Unwilling to appeal to the workers for revolutionary action, the Stalinists lamely complain that the Kuomintang, under cover of a pretended interest in ‘“peace” negotiations to end the civil war, is actually playing for time. The Stalinist radio, according to a Nanking dispatch Jan. 26, charged that Li Tsung-jen was “being used as a cover here to give the Kuomintang three months to build up ‘several tens of divisions’ in South China.” Yet the selfsame Li Tsung-jen was expected to arrest Chiang Kai-shek!

A Great Danger

The Kuomintang is only able to play for time because its Stalinist opponents are permitting it to do so. A Nanking dispatch Jan. 28 reported that “topmost diplomatic authorities believe Chiang plans to resume civil war leadershin at Canton, to which the Nanking Government is speeding as fast as transport facilities permit.”
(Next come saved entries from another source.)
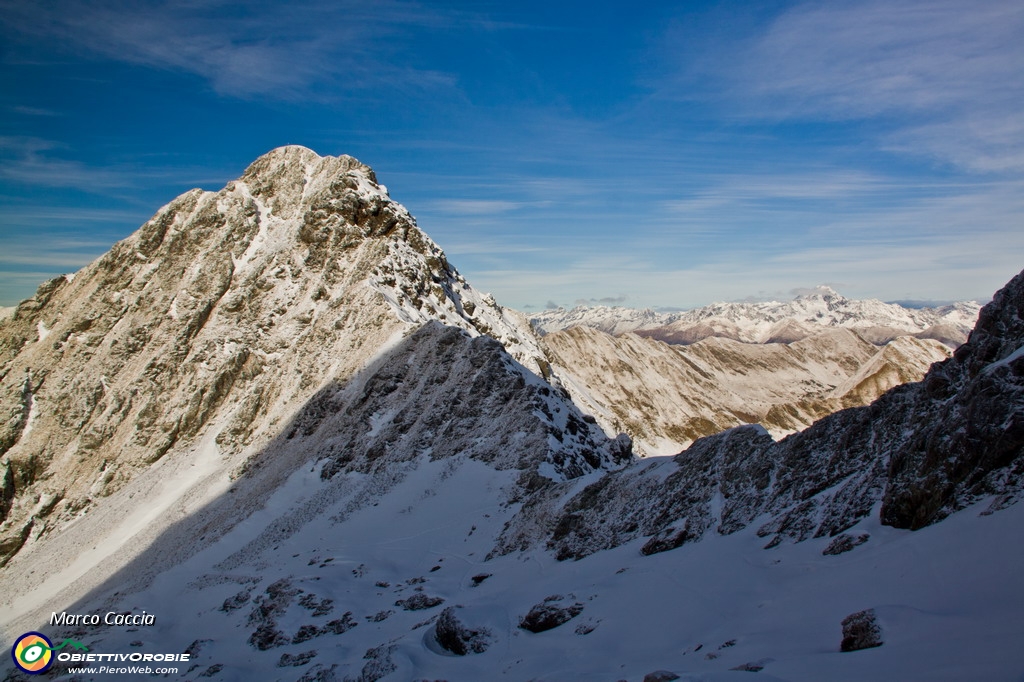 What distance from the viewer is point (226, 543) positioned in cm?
3406

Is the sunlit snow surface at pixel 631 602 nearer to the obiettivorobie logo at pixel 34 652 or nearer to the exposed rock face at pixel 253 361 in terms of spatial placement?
the obiettivorobie logo at pixel 34 652

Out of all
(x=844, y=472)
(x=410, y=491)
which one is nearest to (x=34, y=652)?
(x=410, y=491)

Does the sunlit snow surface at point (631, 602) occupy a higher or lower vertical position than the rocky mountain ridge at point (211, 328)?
lower

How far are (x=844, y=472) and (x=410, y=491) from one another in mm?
23638

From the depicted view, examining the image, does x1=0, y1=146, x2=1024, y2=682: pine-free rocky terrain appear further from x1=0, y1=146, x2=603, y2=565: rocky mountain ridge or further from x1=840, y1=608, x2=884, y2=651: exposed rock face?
x1=0, y1=146, x2=603, y2=565: rocky mountain ridge

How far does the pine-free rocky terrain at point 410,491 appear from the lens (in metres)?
10.8

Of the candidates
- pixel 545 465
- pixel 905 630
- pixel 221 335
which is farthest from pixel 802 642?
pixel 221 335

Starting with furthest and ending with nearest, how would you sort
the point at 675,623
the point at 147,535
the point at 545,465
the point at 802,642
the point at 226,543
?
the point at 147,535 → the point at 226,543 → the point at 545,465 → the point at 675,623 → the point at 802,642

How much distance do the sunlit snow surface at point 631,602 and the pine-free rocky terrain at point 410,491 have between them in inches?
3.4

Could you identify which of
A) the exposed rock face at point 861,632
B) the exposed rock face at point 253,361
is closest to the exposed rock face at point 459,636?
the exposed rock face at point 861,632

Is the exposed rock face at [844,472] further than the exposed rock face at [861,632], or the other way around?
the exposed rock face at [844,472]

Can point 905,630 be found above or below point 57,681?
above

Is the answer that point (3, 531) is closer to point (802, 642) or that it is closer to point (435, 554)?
point (435, 554)

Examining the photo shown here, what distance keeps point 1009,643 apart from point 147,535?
157 ft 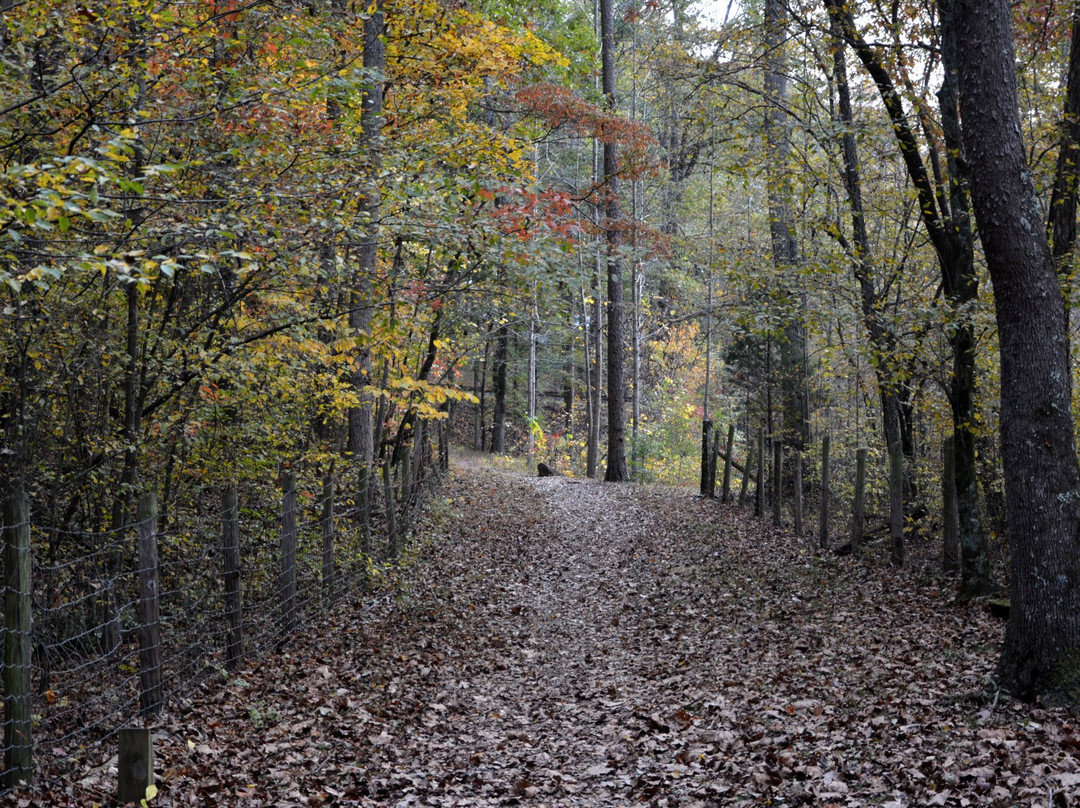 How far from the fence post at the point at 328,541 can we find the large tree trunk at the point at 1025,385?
7.24m

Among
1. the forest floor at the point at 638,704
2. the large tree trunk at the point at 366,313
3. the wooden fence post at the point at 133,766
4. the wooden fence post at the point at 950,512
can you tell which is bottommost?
the forest floor at the point at 638,704

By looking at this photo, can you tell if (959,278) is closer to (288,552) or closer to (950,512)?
(950,512)

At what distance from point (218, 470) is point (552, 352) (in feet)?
90.6

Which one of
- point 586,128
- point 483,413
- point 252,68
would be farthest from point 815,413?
point 483,413

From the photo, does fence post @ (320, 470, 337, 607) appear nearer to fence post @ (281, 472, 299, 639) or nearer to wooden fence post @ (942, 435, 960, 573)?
fence post @ (281, 472, 299, 639)

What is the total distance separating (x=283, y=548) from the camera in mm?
9102

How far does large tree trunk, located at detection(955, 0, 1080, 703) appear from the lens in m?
5.85

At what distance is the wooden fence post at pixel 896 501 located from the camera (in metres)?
10.9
The great cities of South China are the mainstays of Kuomintang power, the strategic centers of bourgeois rule. Swift action bv an aroused proletariat, armed with a revolutionary program, would convert these props of reaction into veritable generating stations of revolutionary power. Without that, and if there should come an unfavorable turn in the military situation, the cities could become rallying points of Kuomiritang resurgence. It is not excluded that, given such a turn of events, the American imperialists might again come to the aid of the Kuomintang.

But even if a Kuomintang comeback proves impossible, a prolongation of the civil war is likely as a result of Stalinist policy. For a people already bled white by long years of war and civil war, this perspective means more tragic suffering. Nor, with the reformist policy of the Stalinists, is any bright road opened to a revolutionary transformation of Chinese society. Thus once again is revealed the poisonous, stultifying influence of Stalinism, the urgent need to remove this obstacle from the path of the socialist revolution.